• _AVAILABLE DATA_
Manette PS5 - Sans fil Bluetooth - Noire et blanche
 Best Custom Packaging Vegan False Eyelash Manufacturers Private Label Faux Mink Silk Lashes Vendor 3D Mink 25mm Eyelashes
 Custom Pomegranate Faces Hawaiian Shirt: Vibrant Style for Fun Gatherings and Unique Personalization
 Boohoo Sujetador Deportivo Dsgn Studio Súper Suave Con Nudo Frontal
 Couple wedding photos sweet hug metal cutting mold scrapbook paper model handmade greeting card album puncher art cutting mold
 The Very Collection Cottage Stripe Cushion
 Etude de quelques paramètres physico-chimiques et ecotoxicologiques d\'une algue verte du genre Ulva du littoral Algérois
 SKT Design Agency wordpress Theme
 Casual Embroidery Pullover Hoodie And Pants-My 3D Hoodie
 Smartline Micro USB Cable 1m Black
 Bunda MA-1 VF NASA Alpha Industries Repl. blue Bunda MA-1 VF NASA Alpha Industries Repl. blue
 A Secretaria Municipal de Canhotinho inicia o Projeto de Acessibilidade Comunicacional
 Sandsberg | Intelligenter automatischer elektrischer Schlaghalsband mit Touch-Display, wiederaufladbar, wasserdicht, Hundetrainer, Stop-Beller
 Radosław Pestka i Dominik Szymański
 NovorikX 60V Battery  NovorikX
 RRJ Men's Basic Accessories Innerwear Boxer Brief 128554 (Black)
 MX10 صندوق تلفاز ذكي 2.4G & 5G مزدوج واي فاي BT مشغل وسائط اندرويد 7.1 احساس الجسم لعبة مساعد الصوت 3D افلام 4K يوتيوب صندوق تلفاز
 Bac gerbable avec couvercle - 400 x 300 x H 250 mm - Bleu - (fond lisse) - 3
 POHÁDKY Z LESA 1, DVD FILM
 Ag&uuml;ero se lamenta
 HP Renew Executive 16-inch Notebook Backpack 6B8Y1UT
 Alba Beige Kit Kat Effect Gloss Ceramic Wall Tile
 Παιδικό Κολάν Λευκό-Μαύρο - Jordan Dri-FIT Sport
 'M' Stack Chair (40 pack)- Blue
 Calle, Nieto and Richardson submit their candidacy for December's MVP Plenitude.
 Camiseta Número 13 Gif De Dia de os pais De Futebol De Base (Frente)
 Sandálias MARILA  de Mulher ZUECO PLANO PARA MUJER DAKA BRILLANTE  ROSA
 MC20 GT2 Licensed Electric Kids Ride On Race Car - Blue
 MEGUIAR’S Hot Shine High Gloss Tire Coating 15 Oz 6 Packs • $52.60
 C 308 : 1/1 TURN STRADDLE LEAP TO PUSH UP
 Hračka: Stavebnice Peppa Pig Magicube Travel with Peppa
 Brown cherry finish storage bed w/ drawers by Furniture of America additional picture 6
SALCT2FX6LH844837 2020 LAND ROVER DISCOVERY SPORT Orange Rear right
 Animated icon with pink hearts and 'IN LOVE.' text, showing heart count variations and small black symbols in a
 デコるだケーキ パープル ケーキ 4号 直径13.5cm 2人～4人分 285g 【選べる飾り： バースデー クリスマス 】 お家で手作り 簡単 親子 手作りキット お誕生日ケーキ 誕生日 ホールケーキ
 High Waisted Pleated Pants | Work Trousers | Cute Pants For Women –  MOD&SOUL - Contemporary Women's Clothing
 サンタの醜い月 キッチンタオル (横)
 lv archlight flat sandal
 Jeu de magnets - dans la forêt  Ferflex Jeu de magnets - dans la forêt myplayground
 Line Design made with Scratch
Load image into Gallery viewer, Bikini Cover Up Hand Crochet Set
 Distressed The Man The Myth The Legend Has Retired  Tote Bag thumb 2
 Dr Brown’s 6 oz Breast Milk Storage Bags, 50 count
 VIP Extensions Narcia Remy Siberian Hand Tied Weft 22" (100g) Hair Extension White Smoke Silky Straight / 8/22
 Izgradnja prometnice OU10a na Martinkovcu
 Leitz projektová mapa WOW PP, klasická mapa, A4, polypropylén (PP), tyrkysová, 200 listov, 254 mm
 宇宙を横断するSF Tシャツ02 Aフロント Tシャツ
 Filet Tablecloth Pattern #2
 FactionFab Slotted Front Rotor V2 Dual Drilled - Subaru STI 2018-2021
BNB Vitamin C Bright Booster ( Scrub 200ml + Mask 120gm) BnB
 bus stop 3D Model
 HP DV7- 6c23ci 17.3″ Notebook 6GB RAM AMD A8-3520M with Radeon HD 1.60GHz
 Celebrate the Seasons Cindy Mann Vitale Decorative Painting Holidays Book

• _WHAT IS BEING ASKED_
Please write out the records above once more, exactly and completely.

• _SOLUTION TO THIS EXERCISE_
Manette PS5 - Sans fil Bluetooth - Noire et blanche
 Best Custom Packaging Vegan False Eyelash Manufacturers Private Label Faux Mink Silk Lashes Vendor 3D Mink 25mm Eyelashes
 Custom Pomegranate Faces Hawaiian Shirt: Vibrant Style for Fun Gatherings and Unique Personalization
 Boohoo Sujetador Deportivo Dsgn Studio Súper Suave Con Nudo Frontal
 Couple wedding photos sweet hug metal cutting mold scrapbook paper model handmade greeting card album puncher art cutting mold
 The Very Collection Cottage Stripe Cushion
 Etude de quelques paramètres physico-chimiques et ecotoxicologiques d\'une algue verte du genre Ulva du littoral Algérois
 SKT Design Agency wordpress Theme
 Casual Embroidery Pullover Hoodie And Pants-My 3D Hoodie
 Smartline Micro USB Cable 1m Black
 Bunda MA-1 VF NASA Alpha Industries Repl. blue Bunda MA-1 VF NASA Alpha Industries Repl. blue
 A Secretaria Municipal de Canhotinho inicia o Projeto de Acessibilidade Comunicacional
 Sandsberg | Intelligenter automatischer elektrischer Schlaghalsband mit Touch-Display, wiederaufladbar, wasserdicht, Hundetrainer, Stop-Beller
 Radosław Pestka i Dominik Szymański
 NovorikX 60V Battery  NovorikX
 RRJ Men's Basic Accessories Innerwear Boxer Brief 128554 (Black)
 MX10 صندوق تلفاز ذكي 2.4G & 5G مزدوج واي فاي BT مشغل وسائط اندرويد 7.1 احساس الجسم لعبة مساعد الصوت 3D افلام 4K يوتيوب صندوق تلفاز
 Bac gerbable avec couvercle - 400 x 300 x H 250 mm - Bleu - (fond lisse) - 3
 POHÁDKY Z LESA 1, DVD FILM
 Ag&uuml;ero se lamenta
 HP Renew Executive 16-inch Notebook Backpack 6B8Y1UT
 Alba Beige Kit Kat Effect Gloss Ceramic Wall Tile
 Παιδικό Κολάν Λευκό-Μαύρο - Jordan Dri-FIT Sport
 'M' Stack Chair (40 pack)- Blue
 Calle, Nieto and Richardson submit their candidacy for December's MVP Plenitude.
 Camiseta Número 13 Gif De Dia de os pais De Futebol De Base (Frente)
 Sandálias MARILA  de Mulher ZUECO PLANO PARA MUJER DAKA BRILLANTE  ROSA
 MC20 GT2 Licensed Electric Kids Ride On Race Car - Blue
 MEGUIAR’S Hot Shine High Gloss Tire Coating 15 Oz 6 Packs • $52.60
 C 308 : 1/1 TURN STRADDLE LEAP TO PUSH UP
 Hračka: Stavebnice Peppa Pig Magicube Travel with Peppa
 Brown cherry finish storage bed w/ drawers by Furniture of America additional picture 6
SALCT2FX6LH844837 2020 LAND ROVER DISCOVERY SPORT Orange Rear right
 Animated icon with pink hearts and 'IN LOVE.' text, showing heart count variations and small black symbols in a
 デコるだケーキ パープル ケーキ 4号 直径13.5cm 2人～4人分 285g 【選べる飾り： バースデー クリスマス 】 お家で手作り 簡単 親子 手作りキット お誕生日ケーキ 誕生日 ホールケーキ
 High Waisted Pleated Pants | Work Trousers | Cute Pants For Women –  MOD&SOUL - Contemporary Women's Clothing
 サンタの醜い月 キッチンタオル (横)
 lv archlight flat sandal
 Jeu de magnets - dans la forêt  Ferflex Jeu de magnets - dans la forêt myplayground
 Line Design made with Scratch
Load image into Gallery viewer, Bikini Cover Up Hand Crochet Set
 Distressed The Man The Myth The Legend Has Retired  Tote Bag thumb 2
 Dr Brown’s 6 oz Breast Milk Storage Bags, 50 count
 VIP Extensions Narcia Remy Siberian Hand Tied Weft 22" (100g) Hair Extension White Smoke Silky Straight / 8/22
 Izgradnja prometnice OU10a na Martinkovcu
 Leitz projektová mapa WOW PP, klasická mapa, A4, polypropylén (PP), tyrkysová, 200 listov, 254 mm
 宇宙を横断するSF Tシャツ02 Aフロント Tシャツ
 Filet Tablecloth Pattern #2
 FactionFab Slotted Front Rotor V2 Dual Drilled - Subaru STI 2018-2021
BNB Vitamin C Bright Booster ( Scrub 200ml + Mask 120gm) BnB
 bus stop 3D Model
 HP DV7- 6c23ci 17.3″ Notebook 6GB RAM AMD A8-3520M with Radeon HD 1.60GHz
 Celebrate the Seasons Cindy Mann Vitale Decorative Painting Holidays Book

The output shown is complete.